### Data for this task
------------
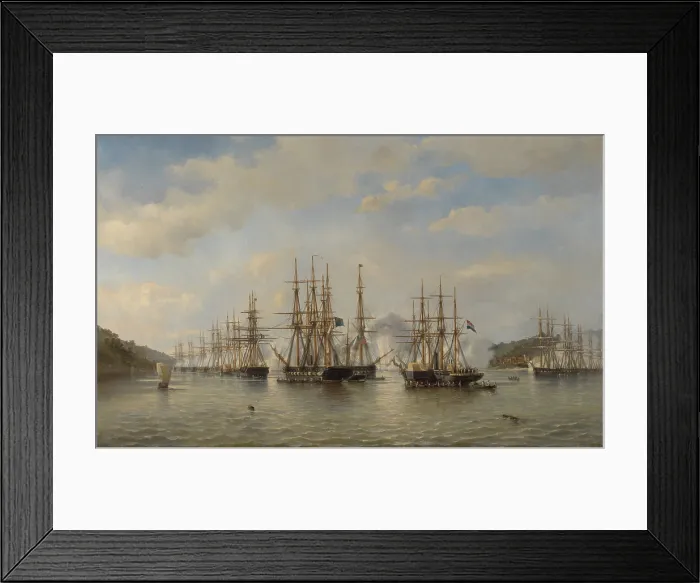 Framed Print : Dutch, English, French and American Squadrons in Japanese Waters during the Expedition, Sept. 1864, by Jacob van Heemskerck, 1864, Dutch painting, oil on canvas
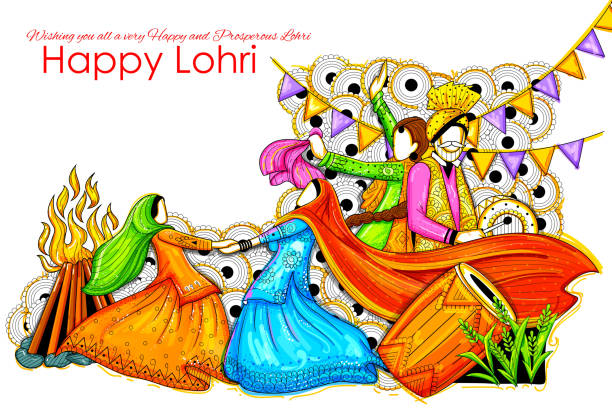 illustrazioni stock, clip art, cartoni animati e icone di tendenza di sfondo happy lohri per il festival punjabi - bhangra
------------
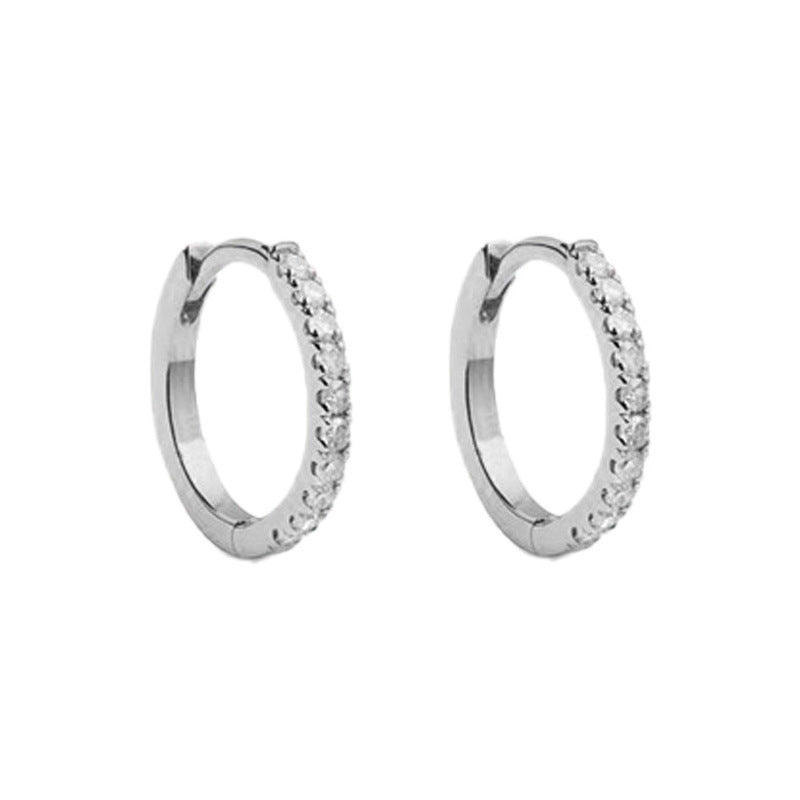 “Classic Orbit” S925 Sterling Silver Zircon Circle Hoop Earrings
------------
### What the exercise asks
Above are some records; extract exactly the lines from the one containing "Framed Print : Dutch, English, French" through the one containing "illustrazioni stock, clip" and drop the pictures.

### Exercise answer
 Framed Print : Dutch, English, French and American Squadrons in Japanese Waters during the Expedition, Sept. 1864, by Jacob van Heemskerck, 1864, Dutch painting, oil on canvas
 illustrazioni stock, clip art, cartoni animati e icone di tendenza di sfondo happy lohri per il festival punjabi - bhangra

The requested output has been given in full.